Work task. Please copy every record below exactly and leave out the pictures.
◇ ◇ ◇ ◇ ◇
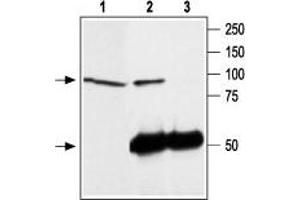 Immunoprecipitation of rat brain lysate: - 1. (TRPC4 antibody  (C-Term, Intracellular))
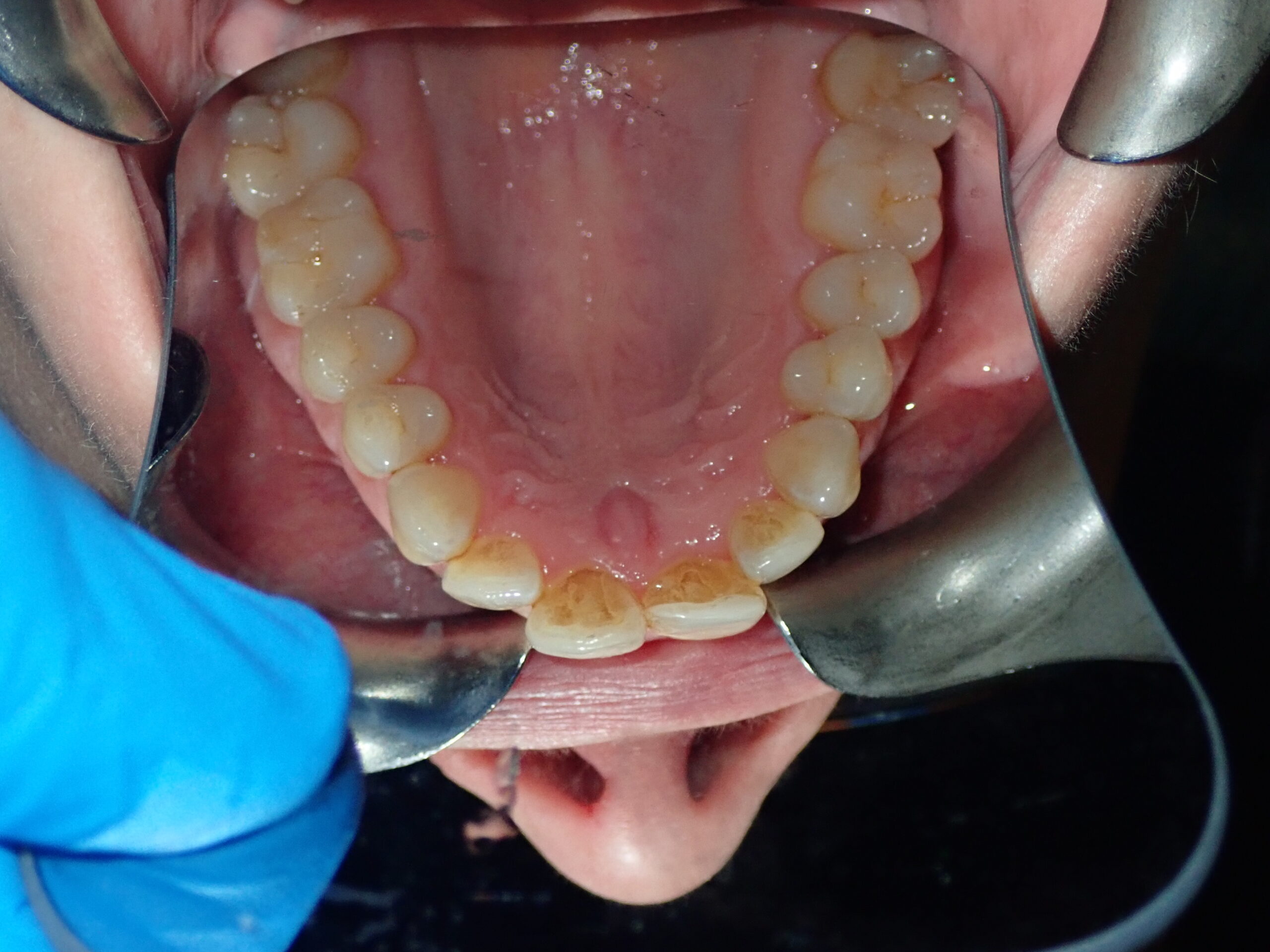 Before treatment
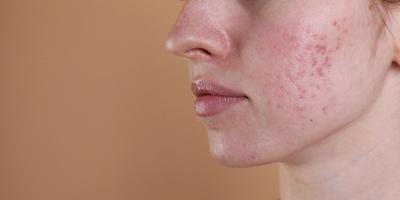 Patient-with-Acne-Problem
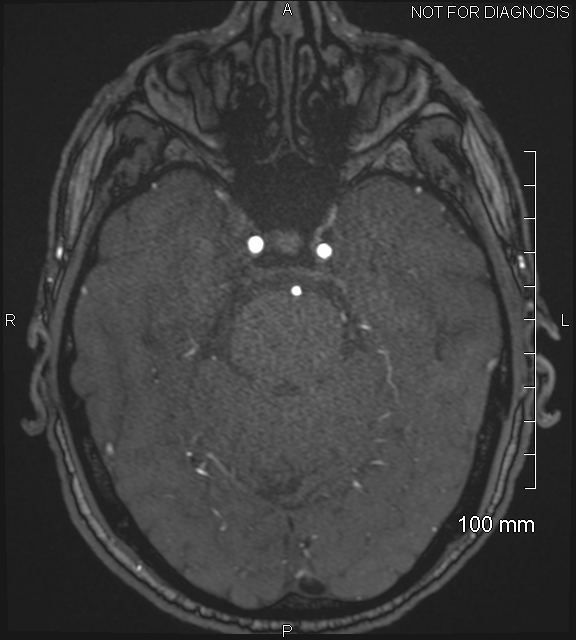Anterior cerebral artery aneurysm (Radiopaedia 80683-94127 Axial MRA 75).jpg
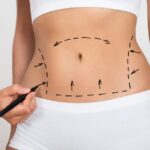 Tummy Tuck vs. Liposuction: Which is Perfect for You?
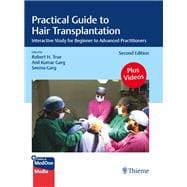 Practical Guide to Hair Transplantation,9788197299018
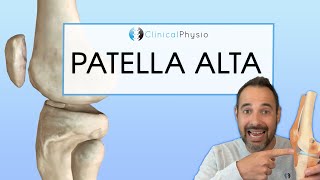 Patella Alta  Expert explains Diagnosis Assessment and Treatment [upl. by Lener548]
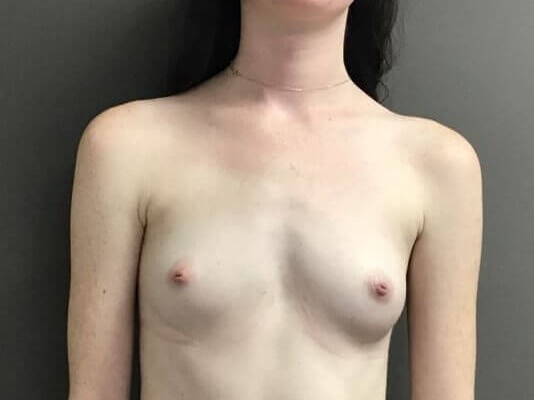Anterior Before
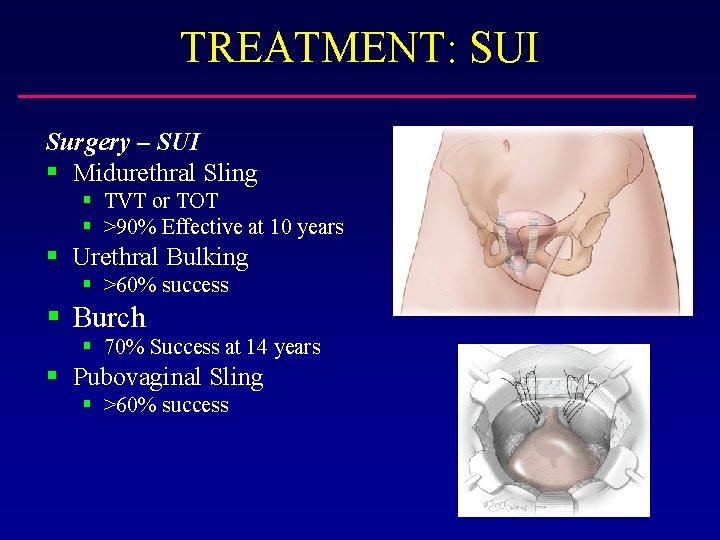 TREATMENT: SUI Surgery – SUI § Midurethral Sling § TVT or TOT § >90%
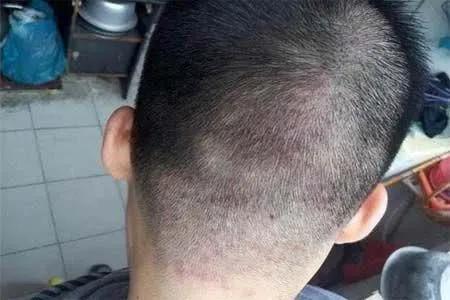 床单不洗螨虫成千上万,床单30天不洗竟螨虫成堆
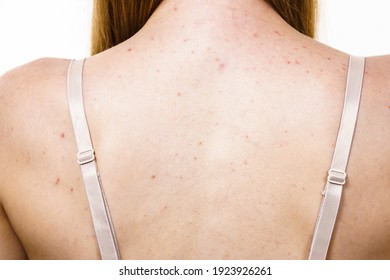 Health problem, skin diseases. Young woman showing her back with acne, red spots. Teen girl with many pimples.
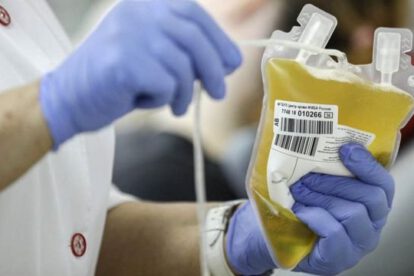 Plasma sanguíneo para tratar el Covid-19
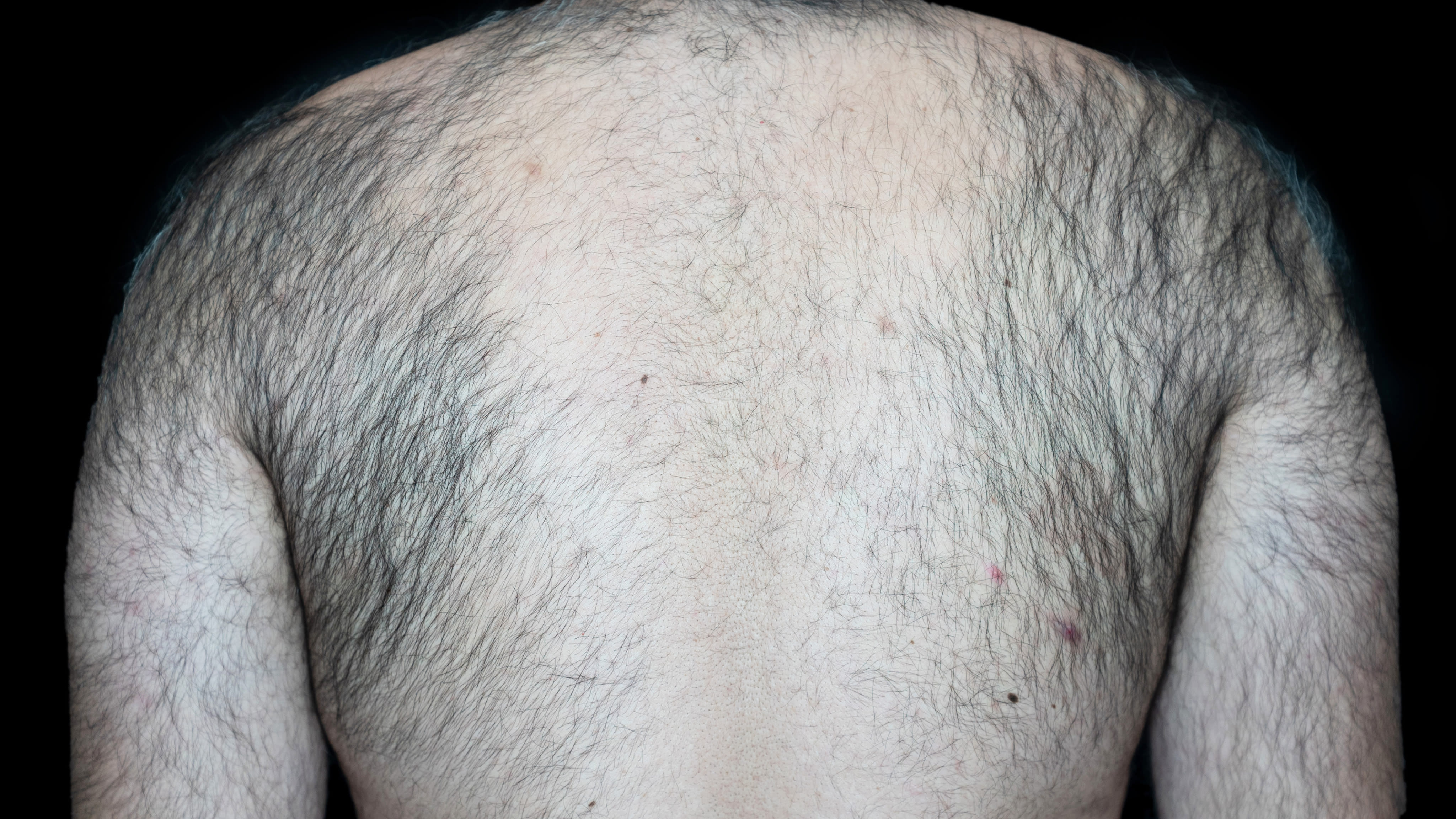 Laser hair removal back before treatment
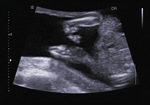 Small 37 opt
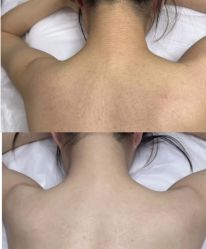 -玉笙美肤·专业脱毛中心
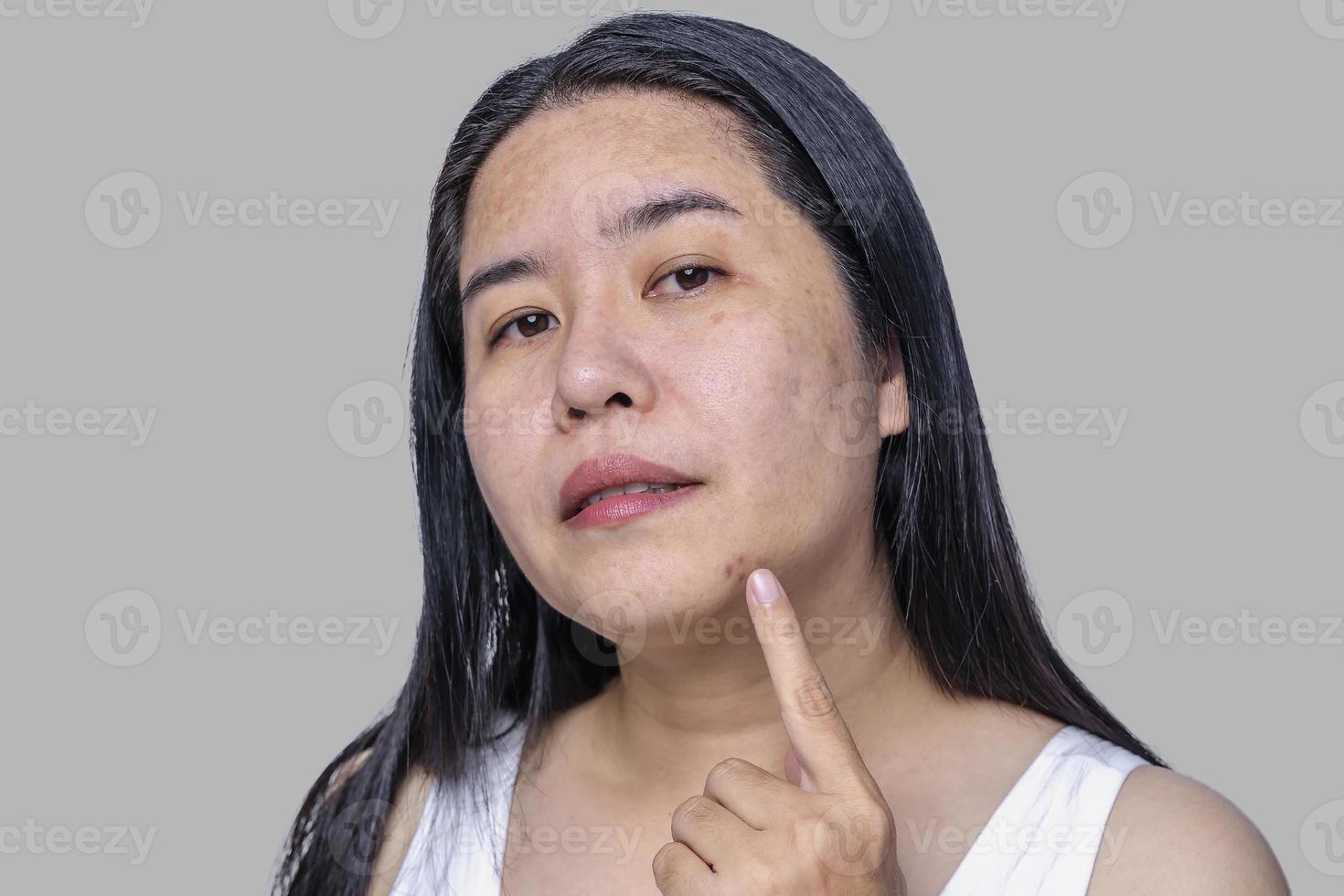 Close up of Asian adult woman face has freckles, large pores, blackhead pimple and scars problem from not take care for a long time. Soft focus of skin problem face. Treatment and Skincare concept photo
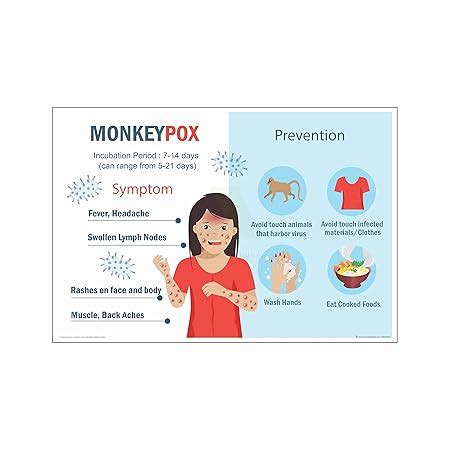 Anne Print Solutions® Monkeypox prevention chart Posters For Hospital ...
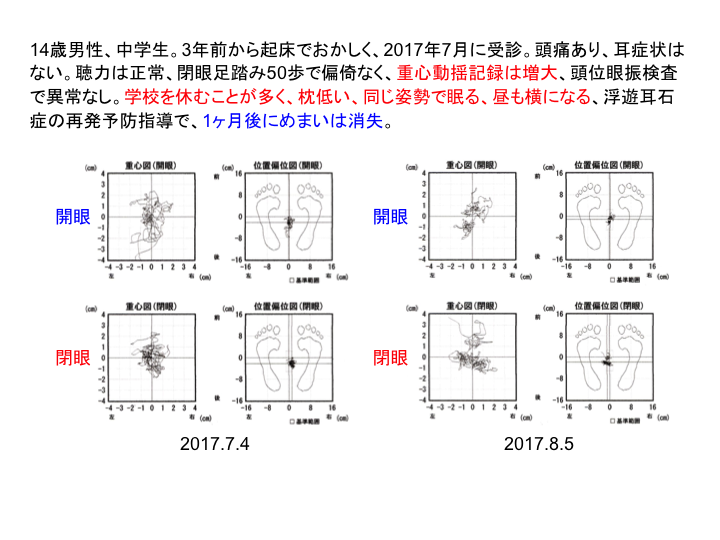 症例：14歳男性、中学生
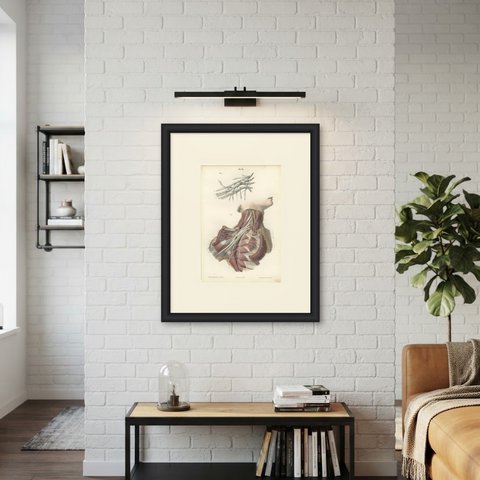 The Brachial Plexus, Antique Hirschfeld Anatomy Print, 1866, shown framed on a wall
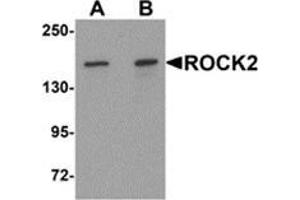 Western blot analysis of ROCK2 in mouse brain tissue lysate with ROCK2 antibody at (A) 1 and (B) 2 μg/ml (ROCK2 Antikörper  (Center))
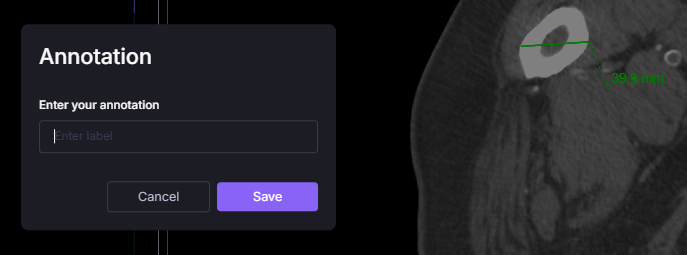 Annotation Prompt
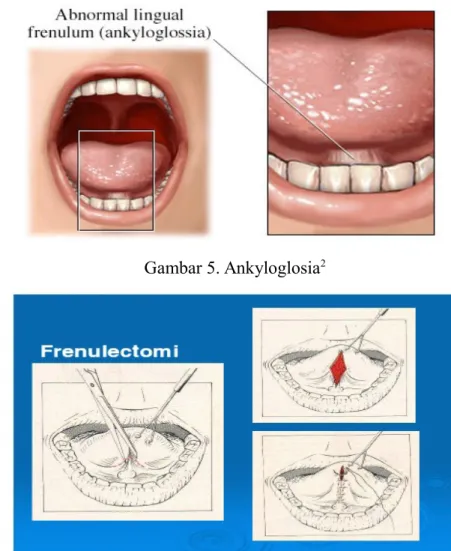 Gambar 6. Teknik frenulectomi 2 4. Sumbing lidah (cleft tongue) 11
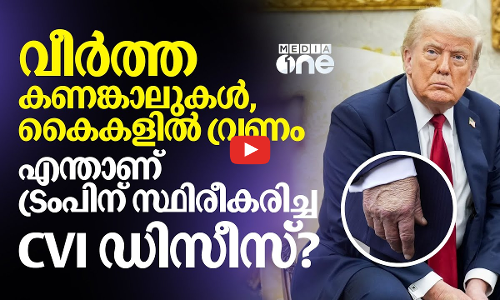 ട്രംപിന് സ്ഥിരീകരിച്ച രോഗം എന്താണ്? അറിയാം CVIയെ പറ്റി | Donald Trump | CVI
◇ ◇ ◇ ◇ ◇
Your solution.
 Immunoprecipitation of rat brain lysate: - 1. (TRPC4 antibody  (C-Term, Intracellular))
 Before treatment
 Patient-with-Acne-Problem
Anterior cerebral artery aneurysm (Radiopaedia 80683-94127 Axial MRA 75).jpg
 Tummy Tuck vs. Liposuction: Which is Perfect for You?
 Practical Guide to Hair Transplantation,9788197299018
 Patella Alta  Expert explains Diagnosis Assessment and Treatment [upl. by Lener548]
Anterior Before
 TREATMENT: SUI Surgery – SUI § Midurethral Sling § TVT or TOT § >90%
 床单不洗螨虫成千上万,床单30天不洗竟螨虫成堆
 Health problem, skin diseases. Young woman showing her back with acne, red spots. Teen girl with many pimples.
 Plasma sanguíneo para tratar el Covid-19
 Laser hair removal back before treatment
 Small 37 opt
 -玉笙美肤·专业脱毛中心
 Close up of Asian adult woman face has freckles, large pores, blackhead pimple and scars problem from not take care for a long time. Soft focus of skin problem face. Treatment and Skincare concept photo
 Anne Print Solutions® Monkeypox prevention chart Posters For Hospital ...
 症例：14歳男性、中学生
 The Brachial Plexus, Antique Hirschfeld Anatomy Print, 1866, shown framed on a wall
 Western blot analysis of ROCK2 in mouse brain tissue lysate with ROCK2 antibody at (A) 1 and (B) 2 μg/ml (ROCK2 Antikörper  (Center))
 Annotation Prompt
 Gambar 6. Teknik frenulectomi 2 4. Sumbing lidah (cleft tongue) 11
 ട്രംപിന് സ്ഥിരീകരിച്ച രോഗം എന്താണ്? അറിയാം CVIയെ പറ്റി | Donald Trump | CVI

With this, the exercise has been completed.